Another young woman who was a part of that group suddenly stood up, said something to the woman I had been watching, turned and headed toward the counter.  As the woman in the sari began to move to stand up, I saw her reach down and pick up a long stick (It looked like the branch of a tree.) that must have been on the floor beside her. As I watched, she cradled it in her left arm,  and reaching across her body with her right hand, grasped the top of the stick and gently levered herself upward, using the stick to maintain her balance.  It was only when she began walking that I realized she had only one leg!

She moved with such grace and surety that I knew she'd been walking that way for a very long time.  And that peacefulness and calm was still evident as she made her own way up to the counter, unaided.  As I watched her go, I thought of all the complaining I'd done since my knee pain had started; how hopeless I'd felt at times, wondering if I was ever going to be able to walk normally again; and how angry at God I'd been when the pain was at its worst, and  I had so much to do to get ready to move.  Watching her, I felt humbled and a bit ashamed.  Even though I had been in pain, I still had both my legs, and they were both still usable, even though a bit limited, and I'd still had good reason to believe that one day I'd be walking just fine again.  Instead of being grateful for what I had, for what I could do, too often I'd allowed myself to focus on what I couldn't do, which did nothing but bring me down and limit me even more!

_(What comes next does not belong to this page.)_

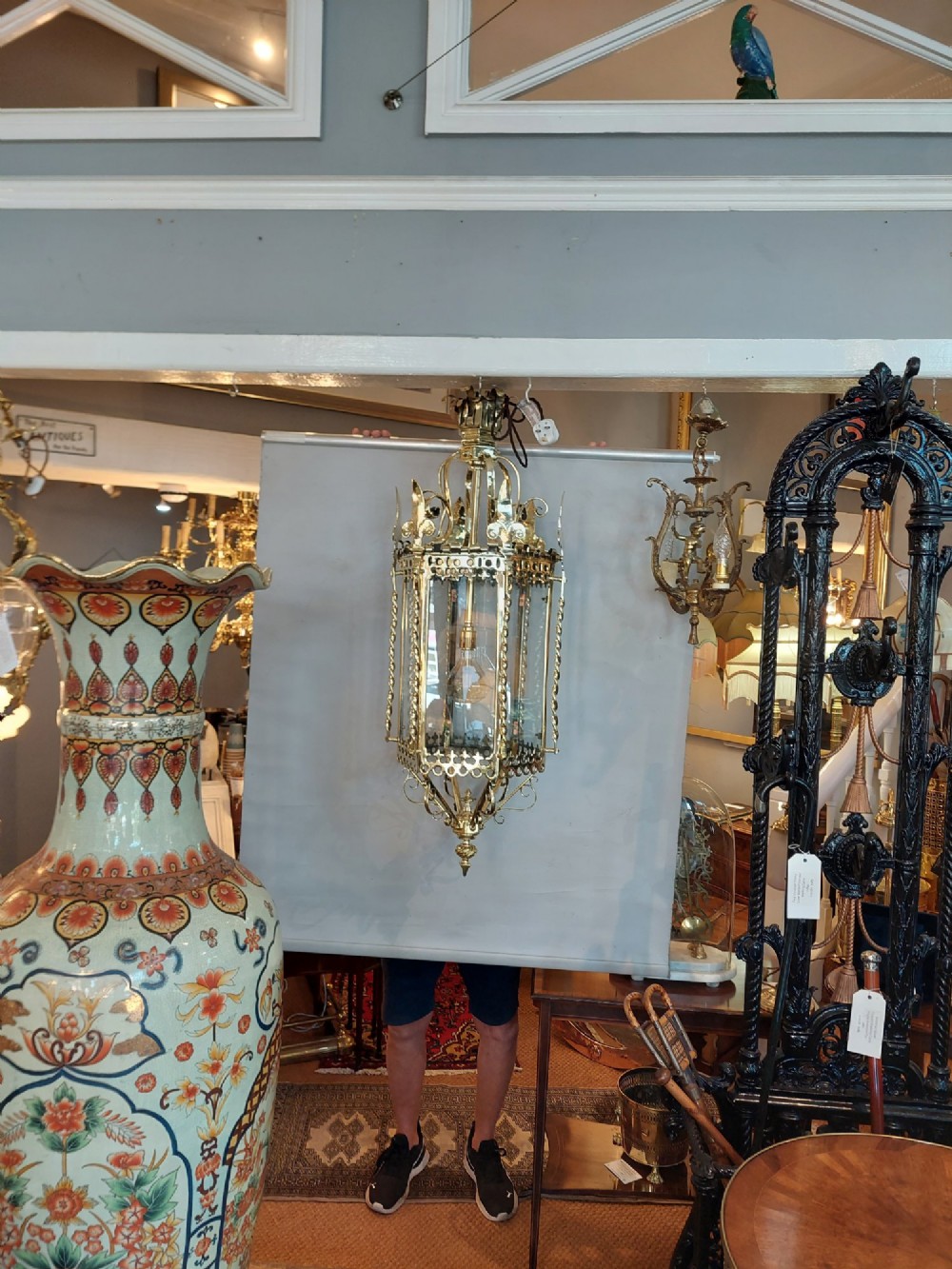 A hexagonal Victorian hanging brass lantern featuring glass panels, twisted corner columns, decorative scrollwork, and a central light bulb fitting. View V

I'm very grateful that I was able to take a walk this morning.  Ever since that experience at the DMV, I've made a bigger effort to appreciate all the little things, the everyday things, the things that so often I've taken for granted.  I'm pretty good at offering up a prayer of gratitude for the big things.  I think most of us are.  But I  know I often let the little things go without a thought.  I'm hoping that by being more often in a state of gratitude, it will also make it easier for me to be in that calm and peaceful state that was so evident in that tiny little lady in the beautiful green and gold sari. I'm so grateful that I had the opportunity to be in her presence that day, even if it did mean a six hour wait at the DMV.